- GOAL OF THE EXERCISE:
Copy each entry below without any change.

§

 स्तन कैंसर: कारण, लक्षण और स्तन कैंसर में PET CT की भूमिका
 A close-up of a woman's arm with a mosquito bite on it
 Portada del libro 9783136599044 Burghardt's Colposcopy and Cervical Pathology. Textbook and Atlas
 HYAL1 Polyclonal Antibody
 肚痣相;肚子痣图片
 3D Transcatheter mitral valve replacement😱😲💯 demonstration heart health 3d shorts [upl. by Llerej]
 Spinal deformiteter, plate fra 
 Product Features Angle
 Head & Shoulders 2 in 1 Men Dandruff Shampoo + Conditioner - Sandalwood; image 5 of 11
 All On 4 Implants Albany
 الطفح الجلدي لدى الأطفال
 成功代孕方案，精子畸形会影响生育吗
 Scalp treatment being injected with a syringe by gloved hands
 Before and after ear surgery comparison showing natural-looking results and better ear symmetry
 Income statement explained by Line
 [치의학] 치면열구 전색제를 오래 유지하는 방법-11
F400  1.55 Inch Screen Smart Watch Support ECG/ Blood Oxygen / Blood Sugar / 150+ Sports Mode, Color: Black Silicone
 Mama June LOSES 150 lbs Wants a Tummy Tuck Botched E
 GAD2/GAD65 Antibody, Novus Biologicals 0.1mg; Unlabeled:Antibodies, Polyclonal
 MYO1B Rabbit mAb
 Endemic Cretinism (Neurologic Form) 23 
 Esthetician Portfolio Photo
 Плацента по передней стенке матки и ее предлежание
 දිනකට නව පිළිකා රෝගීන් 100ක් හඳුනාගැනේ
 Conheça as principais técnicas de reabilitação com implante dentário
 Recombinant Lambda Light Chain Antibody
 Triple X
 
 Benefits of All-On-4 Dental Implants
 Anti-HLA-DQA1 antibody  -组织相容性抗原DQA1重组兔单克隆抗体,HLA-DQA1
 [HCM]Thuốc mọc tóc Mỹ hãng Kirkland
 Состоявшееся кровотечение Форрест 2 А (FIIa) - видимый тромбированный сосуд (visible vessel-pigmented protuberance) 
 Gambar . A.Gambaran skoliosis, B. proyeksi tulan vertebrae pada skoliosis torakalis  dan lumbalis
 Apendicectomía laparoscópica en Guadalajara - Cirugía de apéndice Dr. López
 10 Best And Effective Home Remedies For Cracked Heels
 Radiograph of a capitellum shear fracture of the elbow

§

- RESPONSE TO THIS TASK:
 स्तन कैंसर: कारण, लक्षण और स्तन कैंसर में PET CT की भूमिका
 A close-up of a woman's arm with a mosquito bite on it
 Portada del libro 9783136599044 Burghardt's Colposcopy and Cervical Pathology. Textbook and Atlas
 HYAL1 Polyclonal Antibody
 肚痣相;肚子痣图片
 3D Transcatheter mitral valve replacement😱😲💯 demonstration heart health 3d shorts [upl. by Llerej]
 Spinal deformiteter, plate fra 
 Product Features Angle
 Head & Shoulders 2 in 1 Men Dandruff Shampoo + Conditioner - Sandalwood; image 5 of 11
 All On 4 Implants Albany
 الطفح الجلدي لدى الأطفال
 成功代孕方案，精子畸形会影响生育吗
 Scalp treatment being injected with a syringe by gloved hands
 Before and after ear surgery comparison showing natural-looking results and better ear symmetry
 Income statement explained by Line
 [치의학] 치면열구 전색제를 오래 유지하는 방법-11
F400  1.55 Inch Screen Smart Watch Support ECG/ Blood Oxygen / Blood Sugar / 150+ Sports Mode, Color: Black Silicone
 Mama June LOSES 150 lbs Wants a Tummy Tuck Botched E
 GAD2/GAD65 Antibody, Novus Biologicals 0.1mg; Unlabeled:Antibodies, Polyclonal
 MYO1B Rabbit mAb
 Endemic Cretinism (Neurologic Form) 23 
 Esthetician Portfolio Photo
 Плацента по передней стенке матки и ее предлежание
 දිනකට නව පිළිකා රෝගීන් 100ක් හඳුනාගැනේ
 Conheça as principais técnicas de reabilitação com implante dentário
 Recombinant Lambda Light Chain Antibody
 Triple X
 
 Benefits of All-On-4 Dental Implants
 Anti-HLA-DQA1 antibody  -组织相容性抗原DQA1重组兔单克隆抗体,HLA-DQA1
 [HCM]Thuốc mọc tóc Mỹ hãng Kirkland
 Состоявшееся кровотечение Форрест 2 А (FIIa) - видимый тромбированный сосуд (visible vessel-pigmented protuberance) 
 Gambar . A.Gambaran skoliosis, B. proyeksi tulan vertebrae pada skoliosis torakalis  dan lumbalis
 Apendicectomía laparoscópica en Guadalajara - Cirugía de apéndice Dr. López
 10 Best And Effective Home Remedies For Cracked Heels
 Radiograph of a capitellum shear fracture of the elbow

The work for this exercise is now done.